❋Design
❋Design
Esmond Dorney – one of Australia’s architectural heroes
One of Australia’s most significant architects isn’t largely known, even in architectural circles. However, for those in the know, architect James Henry Esmond Dorney is one Australia’s unsung heroes – with a body of work that can be found in both Melbourne and Hobart. His son, architect Paddy Dorney, has spent the last few years recording this legacy in a new book, Cusp, The Architecture of Esmond Dorney.
The book which traces his father’s birth until his death on Christmas day 1991, showcases Esmond’s work from the 1920s when his first house at 8 Clowes Street, South Yarra, was completed. Designed in the English Revival style, the South Yarra house showed an element of modernity with its centralised kitchen (previously kitchens were shoved out the back). While Esmond designed a number of traditional English-style homes in the 1920s, his focus shifted to streamlined modernism in the 1930s and ‘40s. “My father was particularly interested in providing well designed apartments that could accommodate families as well as couples, focusing on Melbourne’s bayside from Brighton through to St Kilda,” says Paddy.
One of Esmond’s most recognised apartments is St Anne’s, located on the corner of Toorak Road and Park Street, South Yarra. Evocative of an ocean liner, the clean and simple lines include generous glazing and large outdoor terraces. Other developments, such as the townhouses in Campbell Street in Brighton, display a few Frank Lloyd Wright features – not surprisingly since Esmond Dorney worked in the office of Walter Burley Griffin and Marion Mahoney.

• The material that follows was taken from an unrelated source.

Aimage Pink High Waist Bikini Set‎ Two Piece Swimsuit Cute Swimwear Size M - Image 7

While Melbourne is fortunate to have a number of Esmond’s houses and apartments, in Hobart, where he moved to in 1947, there is another side of this great architect’s work – including a number of houses such as the Tait House, the Young House, the Jarvis House, Snows House (as well as a drycleaner for the same family) and the Richardson House. These homes, many of which were built in the 1950s, showed Esmond’s adventurous style – slightly futuristic with a sense of joy for those fortunate to live or visit these houses.

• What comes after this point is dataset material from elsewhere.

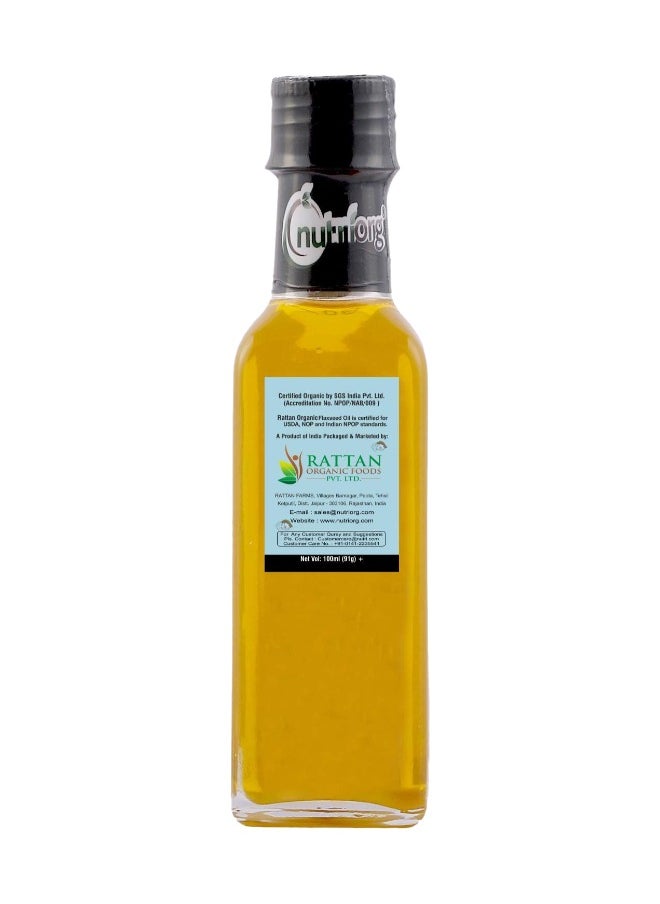 nutriorg - Cold Pressed Organic Flax Seed Oil 100 ml Cold Pressed Omega 3 Rich - Image 1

One of the most significant of Esmond’s homes, the heritage-listed Fort Nelson House, more than 180 metres above Sandy Bay, has received enormous attention in the media. It was also home to Paddy who lived in all three houses that were built – two of which were destroyed by fire. “Dad was ever the optimist. He was already designing this current house from a concrete bunker below while there was a fire ranging above,” says Paddy. While he and his family grew up with open plan and flexible spaces, he still recalls visiting his childhood friend’s homes. “Their houses all had corridors. It felt quite weird, not to mention the waste of space,” he says. The materials Esmond Dorney opted for were as unusual, preferring to shape corrugated steel (for increased strength) and use plywood extensively for ceilings and walls. With the Fort Nelson House, completed in 1979, there’s also a sunken lounge, with the family moving their beanbags around the living spaces depending on the time of day.

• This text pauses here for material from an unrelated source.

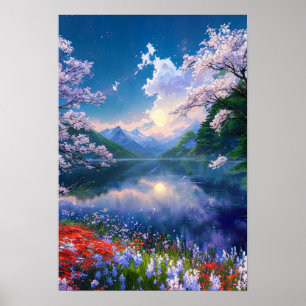 Avond in het betoverende meer poster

Esmond Dorney’s last house, the Fisher House, is one of the architect’s boldest. Completed in 1991 for a couple of championship ballroom dancers, the house at Sandy Bay features a sprung ballroom floor and a sparkled vermiculite ceiling – for that added sense of occasion. And when the dancers need to cool off, what better way than to jump into the adjoining kidney-shaped swimming pool. “Dad was always interested in designing homes for people, for those that lived there. He had a saying that ‘architecture had nothing to do with buildings’. It was all about the people.”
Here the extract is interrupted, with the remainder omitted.